__Task directions__:
Omit any picture, and return the remaining data exactly as written.

__Supplied material__:
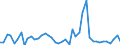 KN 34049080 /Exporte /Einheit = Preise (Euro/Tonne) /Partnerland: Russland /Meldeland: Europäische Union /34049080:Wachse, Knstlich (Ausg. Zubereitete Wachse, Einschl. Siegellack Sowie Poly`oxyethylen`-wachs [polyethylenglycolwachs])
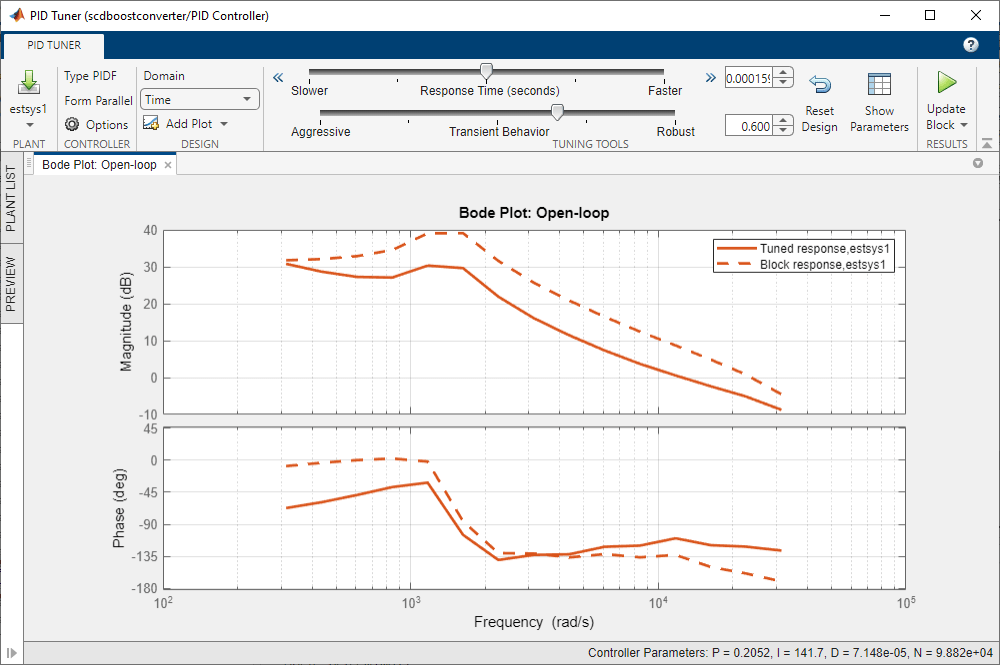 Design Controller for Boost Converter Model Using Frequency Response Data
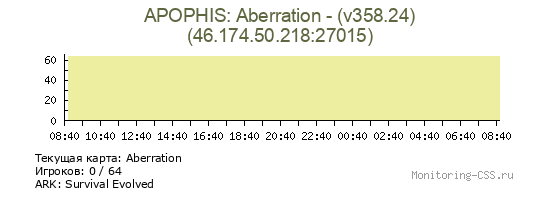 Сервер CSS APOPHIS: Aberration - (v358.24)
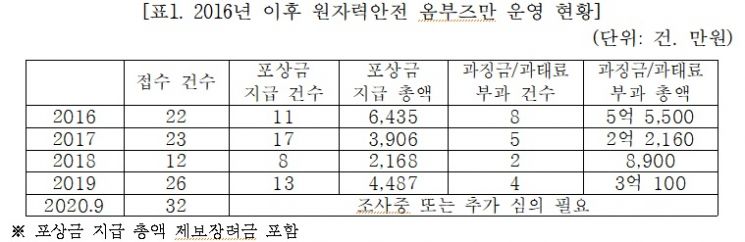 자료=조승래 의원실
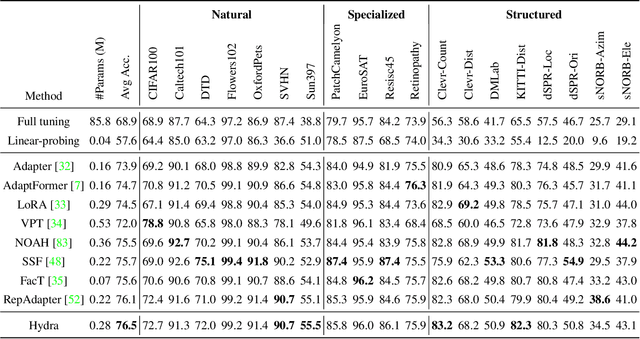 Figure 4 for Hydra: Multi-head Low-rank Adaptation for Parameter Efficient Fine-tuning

__Result__:
 KN 34049080 /Exporte /Einheit = Preise (Euro/Tonne) /Partnerland: Russland /Meldeland: Europäische Union /34049080:Wachse, Knstlich (Ausg. Zubereitete Wachse, Einschl. Siegellack Sowie Poly`oxyethylen`-wachs [polyethylenglycolwachs])
 Design Controller for Boost Converter Model Using Frequency Response Data
 Сервер CSS APOPHIS: Aberration - (v358.24)
 자료=조승래 의원실
 Figure 4 for Hydra: Multi-head Low-rank Adaptation for Parameter Efficient Fine-tuning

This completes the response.